As a case in point, an unidentified person contacted the Iraqi interior ministry to report the presence of a group of armed men in a building in eastern Baghdad, according to witnesses of the incident that happened two months ago.
The caller also claimed that the armed group was holding hostages in the reported building.
In response, a joint contingent of US-Iraqi forces rushed to the reported scene, but as they were approaching the site, they were targeted by a roadside bomb, leaving scores of the US and Iraqi forces killed and injured.

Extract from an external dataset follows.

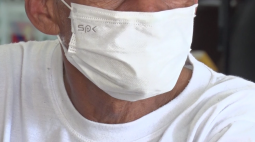 Ibiporã volta com obrigatoriedade de máscaras em repartições públicas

Since then, mobiles have become a "source of horror" for the occupation forces, which search for the tiny devices everywhere during their massive crackdown operations in the country, according to sources close to the Iraqi resistance.
Four Iraqis were arrested by US forces last week while using mobiles – equipped with cameras -- to photograph passers-by near a US military site in the Abu Ghraib neighborhood in western Baghdad.
Security Measures
To avoid such phone-orchestrated resistance attacks, US forces now disconnect phone communications during their patrols in the Iraqi capital as a security measure.
Such a repeated disconnection of communications has motivated many Iraqi subscribers to raise complaints with the Orascom Telecom Iraq Corporation (IRAQNA), the provider of the mobile communication service in the Iraqi capital.
But the Corporation said the service disconnection was out of its control, declining to give further information.
An official at the Corporation told IOL, however, that the disconnection of the communications service was mainly attributed to the security measures taken by foreign forces to protect themselves against attacks by Iraqi resistance groups.
In a further measure to shield themselves against resistance attacks, US forces also force IRAQNA to demand new subscribers to provide all necessary data to the firm before buying a mobile line.
The company also demand subscribers to sign a note confirming the devices will not be used in "illegal activities".
However, all these measures are too insignificant to prevent Iraqi resistance groups from carrying out attacks to force the US occupation forces out of Iraq, due to the cheap price of lines that makes it easy to replace.